WHAT THIS TASK INVOLVES ::
Give again, word for word, every line below from the one that has "Ново издание за Константин Величков" through the one that has "百合書系-藍色滑板上的小妖精", both included, and no others.

PROVIDED DATA ::
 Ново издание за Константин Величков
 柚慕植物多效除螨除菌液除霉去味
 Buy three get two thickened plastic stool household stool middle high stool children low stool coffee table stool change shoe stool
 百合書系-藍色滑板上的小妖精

---

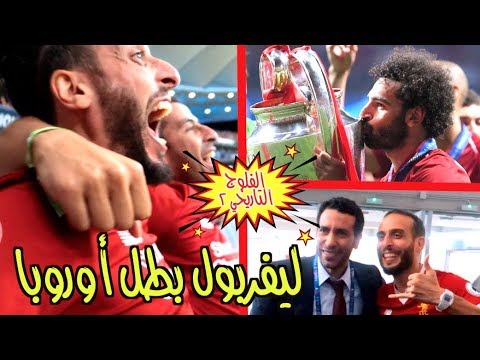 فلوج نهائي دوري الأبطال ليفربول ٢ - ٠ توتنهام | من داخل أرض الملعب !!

PROBLEM SOLUTION ::
 Ново издание за Константин Величков
 柚慕植物多效除螨除菌液除霉去味
 Buy three get two thickened plastic stool household stool middle high stool children low stool coffee table stool change shoe stool
 百合書系-藍色滑板上的小妖精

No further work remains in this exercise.